**Information supplied:**

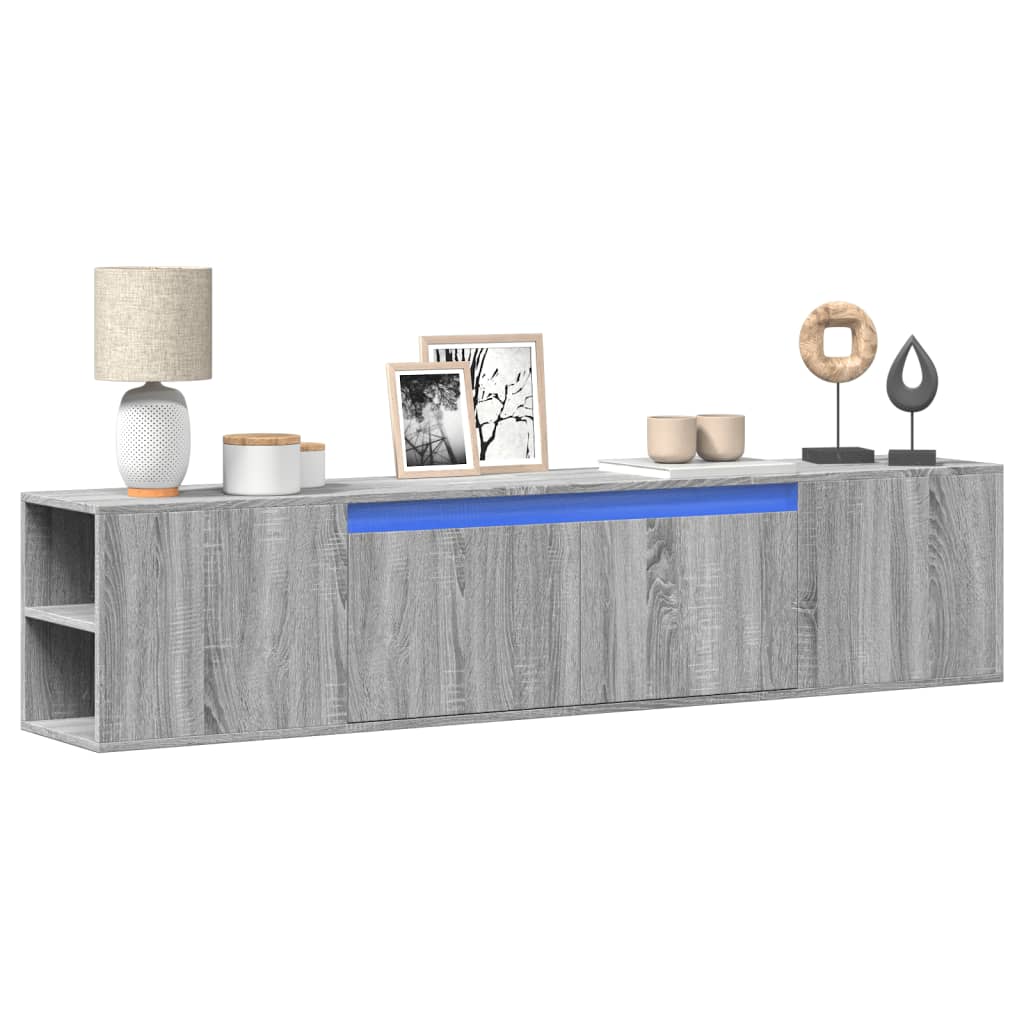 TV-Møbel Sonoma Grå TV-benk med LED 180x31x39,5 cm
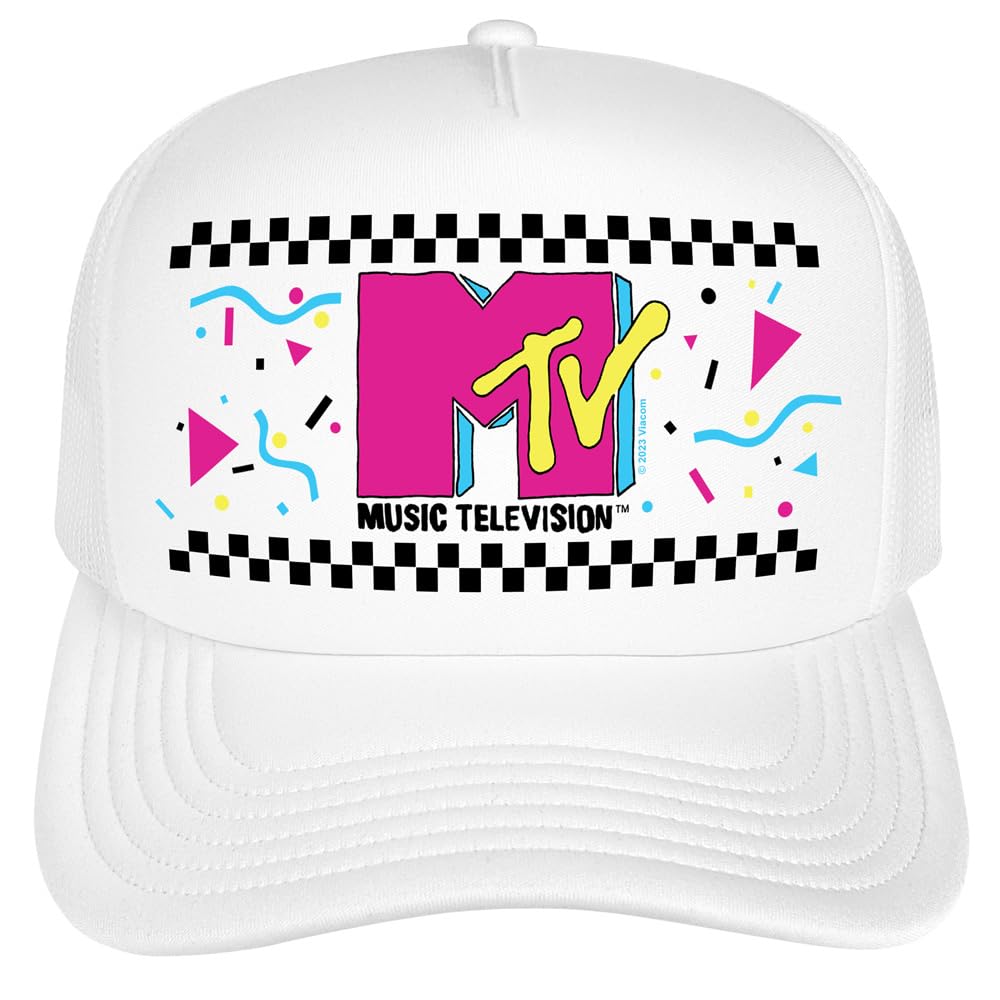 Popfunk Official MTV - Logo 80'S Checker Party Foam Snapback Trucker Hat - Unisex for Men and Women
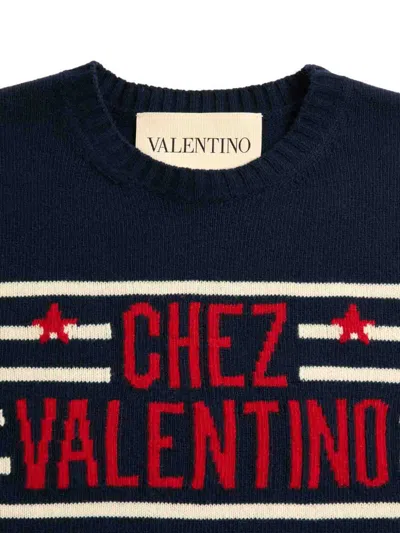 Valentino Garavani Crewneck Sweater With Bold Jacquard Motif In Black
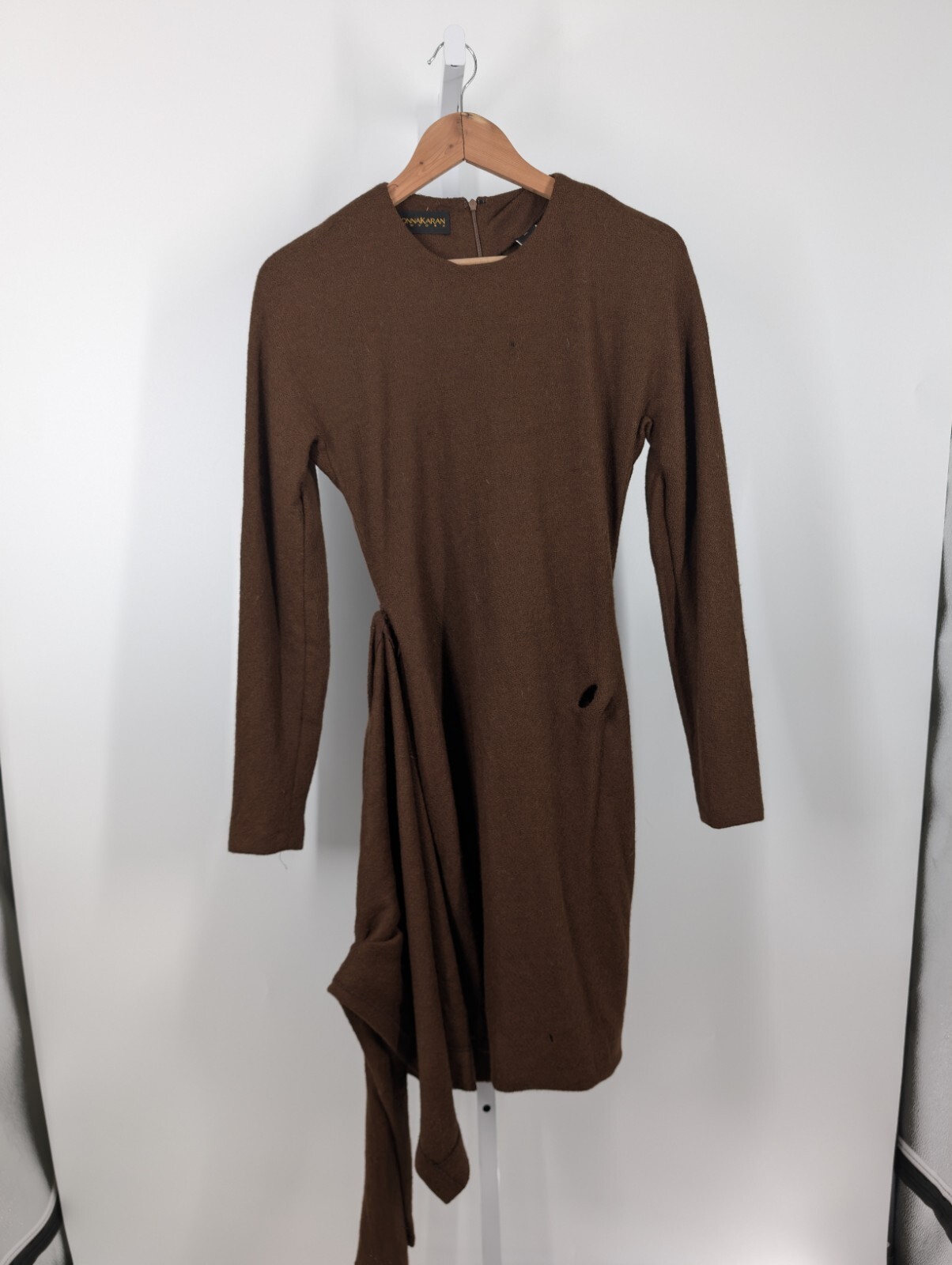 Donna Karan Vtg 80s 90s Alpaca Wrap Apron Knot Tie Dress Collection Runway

**Your assignment:**
Pictures aside, reproduce exactly the lines from the one containing "Popfunk Official MTV" to the end of the listing above, both ends included.

**Response below:**
 Popfunk Official MTV - Logo 80'S Checker Party Foam Snapback Trucker Hat - Unisex for Men and Women
 Valentino Garavani Crewneck Sweater With Bold Jacquard Motif In Black
 Donna Karan Vtg 80s 90s Alpaca Wrap Apron Knot Tie Dress Collection Runway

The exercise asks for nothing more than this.